La didascalia ha l'aria di essere stata scritta dalle stesse mani di Roland Barthes, e forse non sarà così ma certamente è quella l'impressione che vuole dare.

Recita: Ils vont mourir, ils le savent et cela ne se voit pas.

Cosa è che ha colpito particolarmente l'autore in questa immagine?

Certamente il segno, non affidato come di consueto alla parola scritta, che i cogniugi Nogi hanno inteso lasciare al mondo nel momento estremo in cui hanno deciso di abbandonarlo.

Barthes ha compreso che nella cultura tradizionale giapponese si tende ad utilizzare un linguaggio globale, in cui i segni, i messaggi sono molteplici ed espressi in multiforme maniere, attraverso il pensiero ed attraverso il corpo, in forme sia esplicite sia laconiche quando non addirittura apparentemente assenti del tutto.

Il pensiero giapponese si esprime a volte, vorremmo dire spesso, attraverso dei silenzi, delle apparenti assenze di comunicazione, delle apparenti rinunce.

Passando dalla cerimonia dell'inchino al pachinko, un gioco di azzardo meccanico che costituiva per molti giapponesi un vero e proprio morbo compulsivo e lo costituirebbe tuttora, se non fosse stato sostituito da altri sistemi ancora più pervasivi, dalla gioiosa arte di confezionare pacchetti (tsutsumu) che manifesta senza alcuna remora il piacere di donare alla elusiva arte della poesia che per citare le sue parole lavora sulla "effrazione del senso" piuttosto che sulla sua esaltazione, Barthes esplora il linguaggio onnipervadente della cultura giapponese.

Con l'acuto spirito di osservazione dello straniero immerso in una civiltà lontana dalla sua formazione, Barthes non si lascia sfuggire la peculiarità dei sistemi giapponesi di classificazione - o per meglio dire NON classificazione - delle strade, di espressione dei moti dell'animo attraverso la riduzione all'essenziale piuttosto che all'esaltazione ed enfatizzazione del particolare. Degli infiniti segni che Barthes coglie nell'impero dei segni la maggior parte sono infatti visivi, non scritti, non tracciati sulla pietra o fissati indelebilmente su un supporto, ed anche quando lo sono, negano quanto apparentemente affermano. Possiamo dire per questo che anche qui Barthes adopera una camera lucida: riflette sul il Giappone attraverso lo specchio del suo raziocinio, ma non perde di vista la realtà, ove il raziocinio ostacola piuttosto che risolvere.

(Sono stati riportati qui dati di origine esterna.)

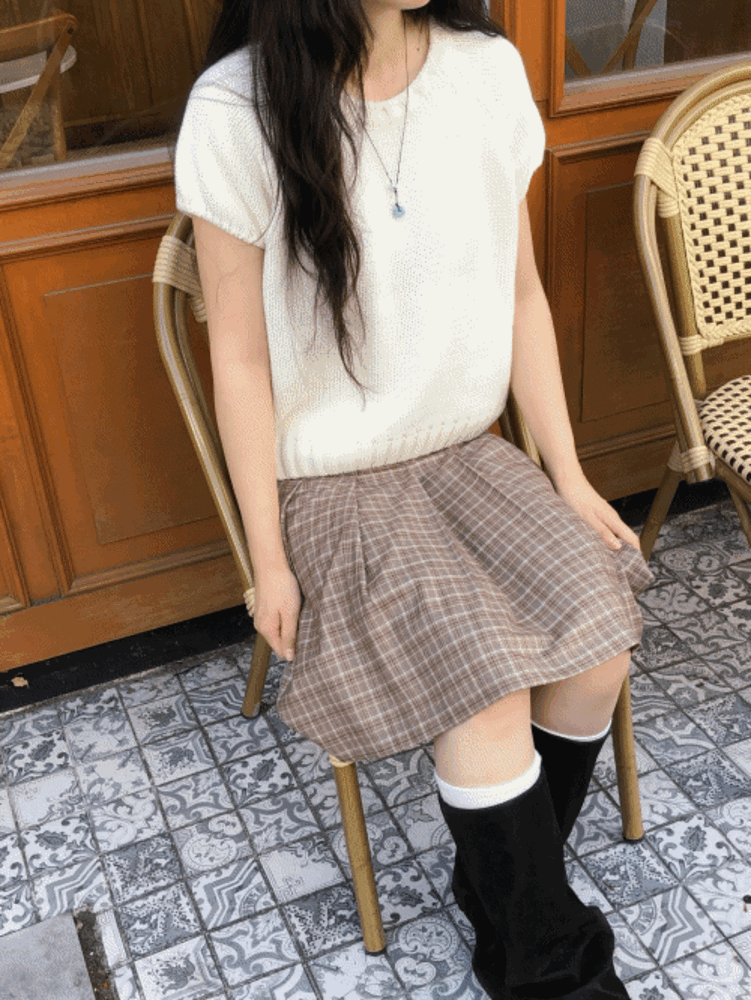 몬드 로우 니트 (아이보리)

E' veramente bizzarro pensare che un popolo così prodigo di segni, per quanto appartenenti ad un modo di esistere diverso dal nostro, passi per impenetrabile, e la proposta di Barthes può darci lo sprone per liberarci almeno in parte dei pregiudizi che ci impediscono di cogliere appieno il senso di questo linguaggio.